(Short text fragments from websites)

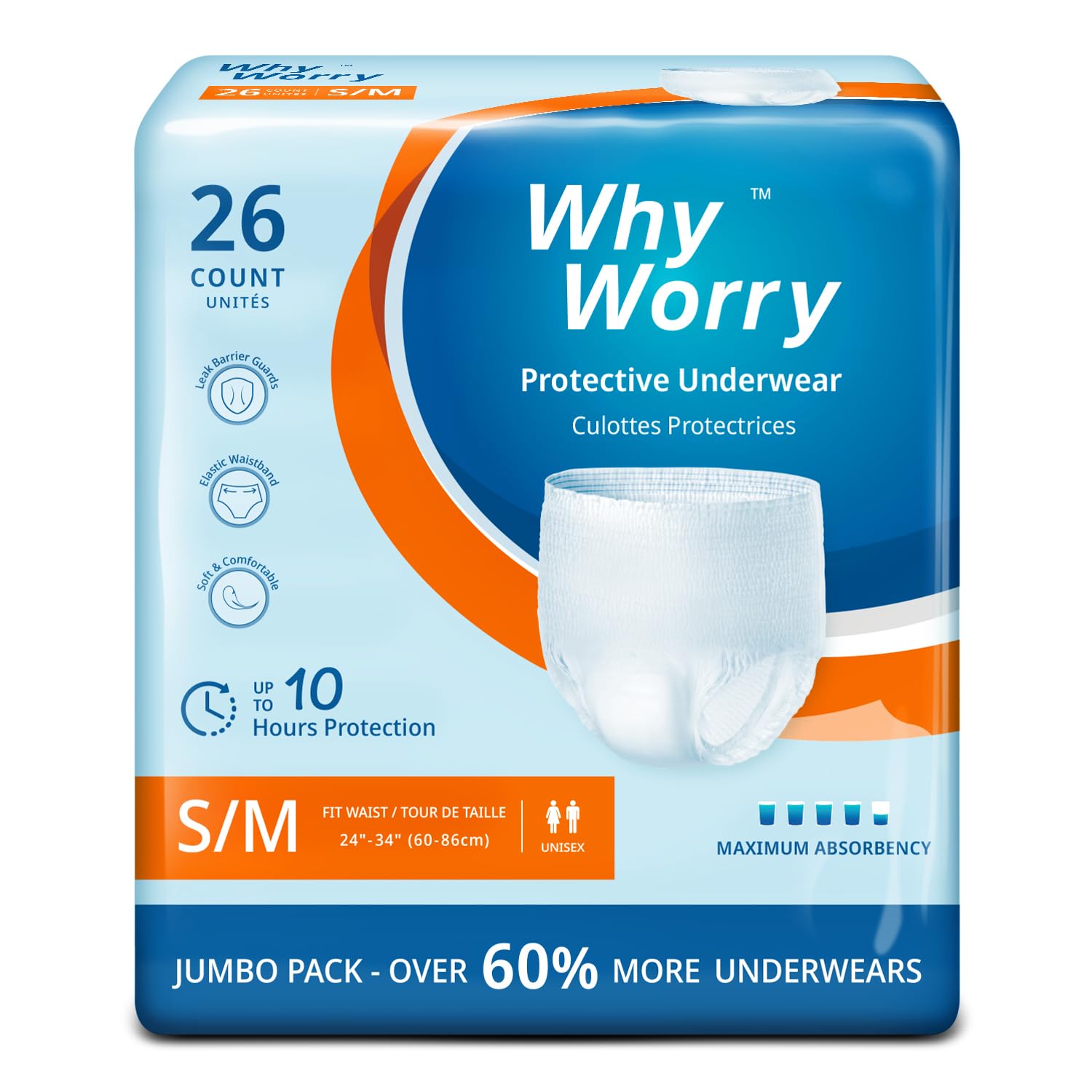 Photo 1 of WhyWorry Incontinence Underwear for Women and Men, Disposable Adult Pull Ups with Overnight Absorbency, Leakproof, Unisex, Small/Medium, 26 Count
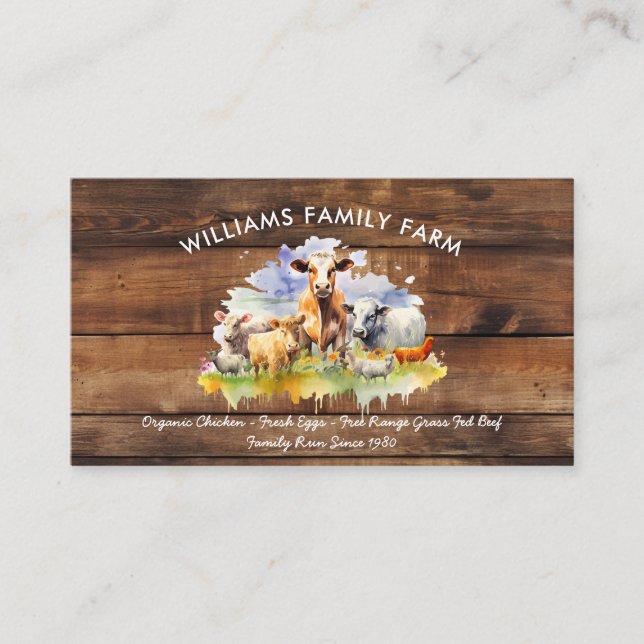 Carte De Visite Animaux de ferme Cochon de porc poulet Aquarelle (Devant)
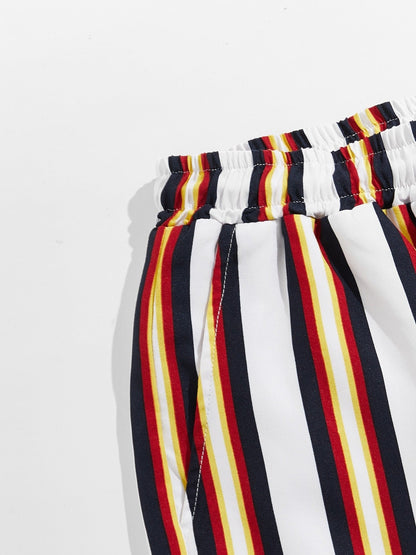 Men's Striped Beach Drawstring Shorts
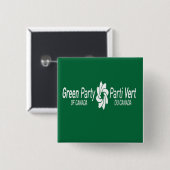 Green Party of Canada Parti Vert du Canada Logo Vierkante Button 5,1 Cm (Voorkant /achterkant)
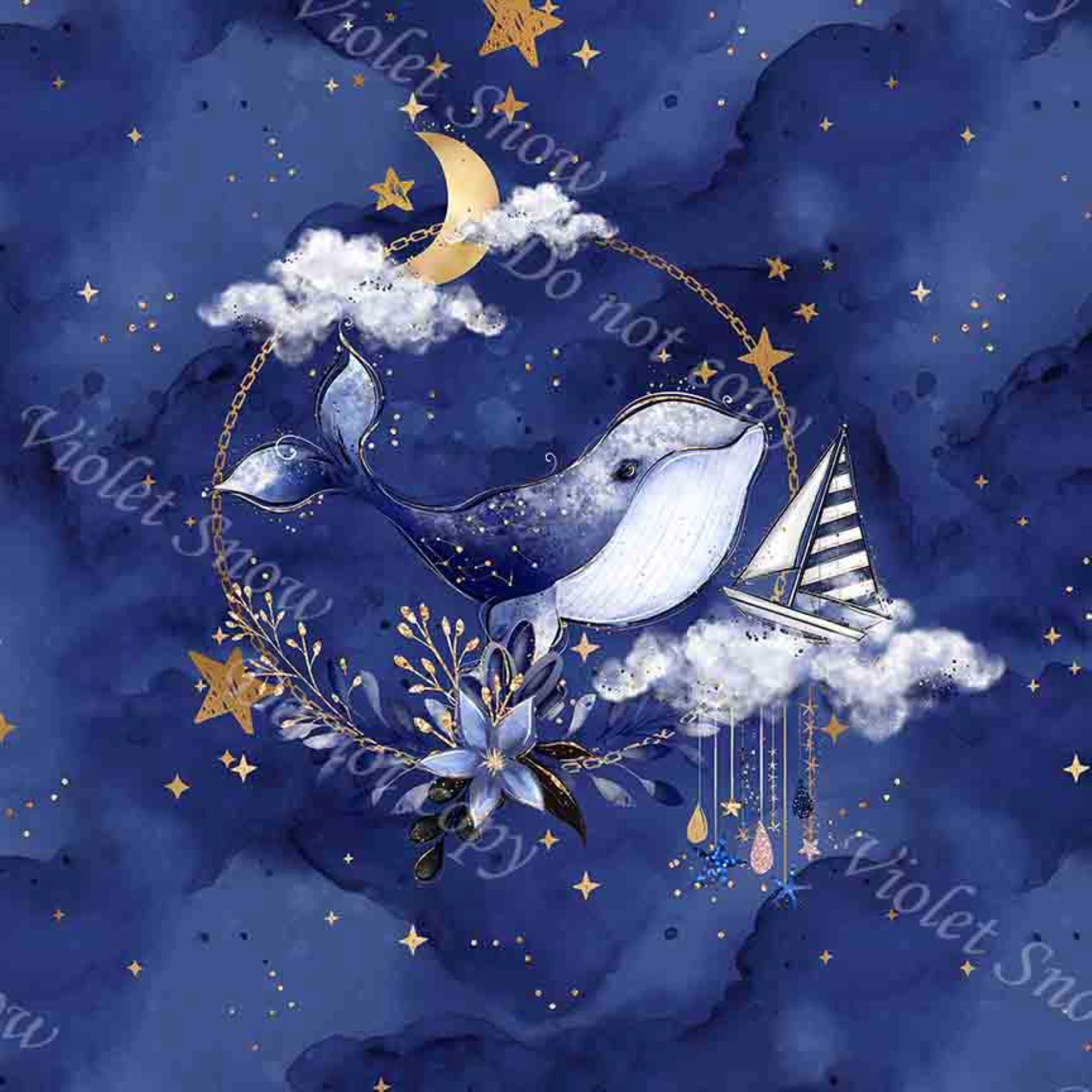 Starry Sea Blue Whale Wreath Bag Rapport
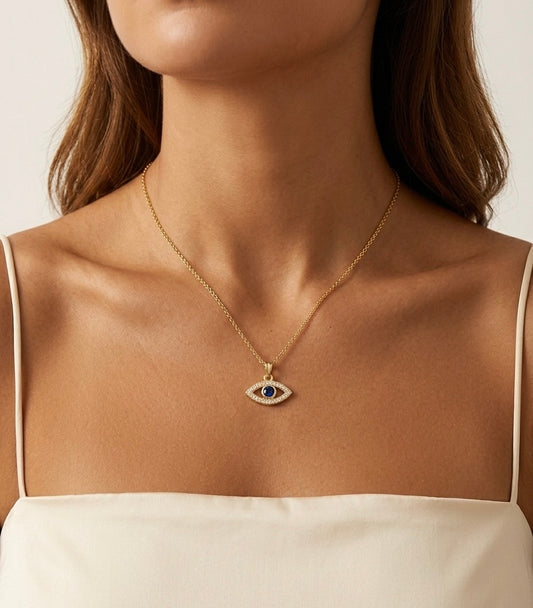 collier oeil protecteur bleu en acier inoxydable doré 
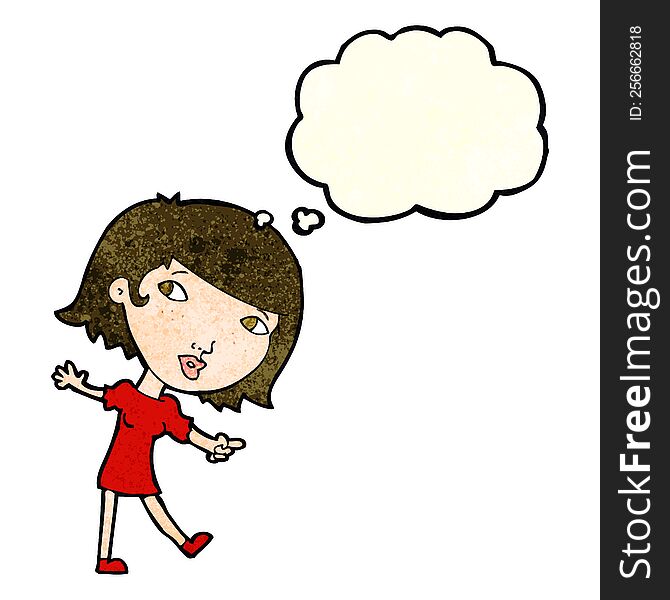 Cartoon Happy Girl Gesturing To Follow With Thought Bubble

Required action – Would you return all of the data above word for word, omitting every picture?

Task solution –
 Photo 1 of WhyWorry Incontinence Underwear for Women and Men, Disposable Adult Pull Ups with Overnight Absorbency, Leakproof, Unisex, Small/Medium, 26 Count
 Carte De Visite Animaux de ferme Cochon de porc poulet Aquarelle (Devant)
 Men's Striped Beach Drawstring Shorts
 Green Party of Canada Parti Vert du Canada Logo Vierkante Button 5,1 Cm (Voorkant /achterkant)
 Starry Sea Blue Whale Wreath Bag Rapport
 collier oeil protecteur bleu en acier inoxydable doré 
 Cartoon Happy Girl Gesturing To Follow With Thought Bubble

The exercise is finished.